Posted by Bert Decker   |   October 28th, 2005   |   Leave a Comment   |  Tweet This

Speaker in the News

Put your politics aside, and look at the behavior of those in the political/public world. We can learn.

The prosecuting attorney Patrick Fitzgerald did a great job in well over an hour of announcing the Fitzgerald indictment of Scooter Libby. He did NOT use a teleprompter, but he talked without a non-word in detailing a lot of details! Very impressive.

I heard him first on a car radio, coming back from a speech myself, and found him compelling enough – voice only – to listen and be a few minutes late for a coffee. He changed my view – a monotone voice CAN work. He was direct, straightforward, compelling in comment and the specifics, including complex law – and he never raised his voice. But perfectly appropriate for what he was doing.

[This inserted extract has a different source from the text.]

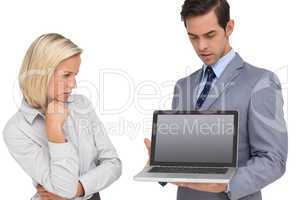 Businesswoman looking at laptop held by her colleague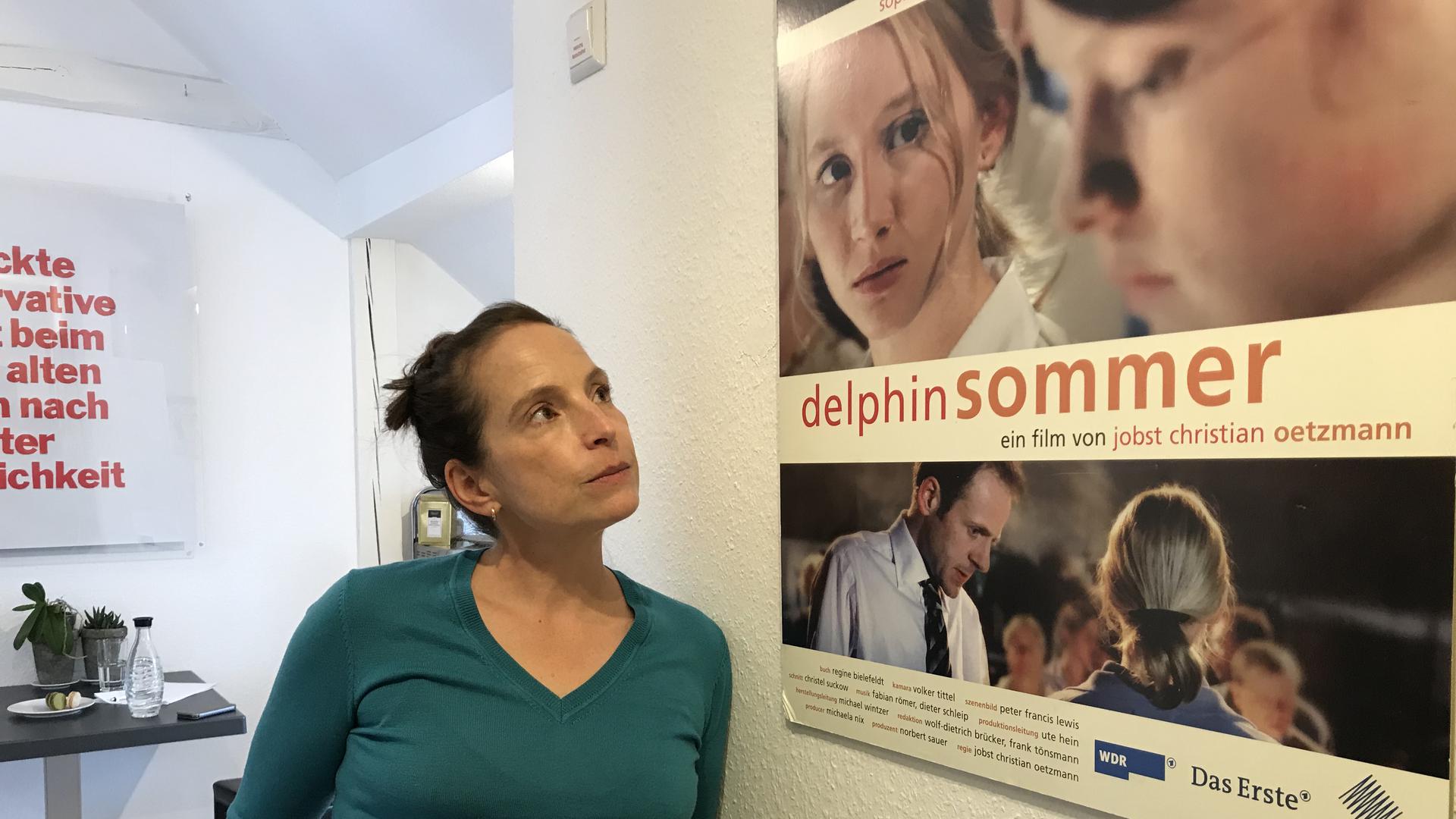 Die Drehbuchautorin Regine Bielefeldt aus Baden-Baden steht vor einem Filmplakat von Delphinsommer.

He created a COMMUNICATION EXPERIENCE that was exactly right for this situation – low key, thorough, researched, and a strong voice with no theatrics, and actually the reverse. So it worked well, whether conscious or not, to making a convicting and compelling argument.

Fitzgerald also handled the Question and Answer session brilliantly – one of the best I’ve seen. And used a great SHARP principle with his baseball metaphor. And some other picturesque (and monotone) voice language.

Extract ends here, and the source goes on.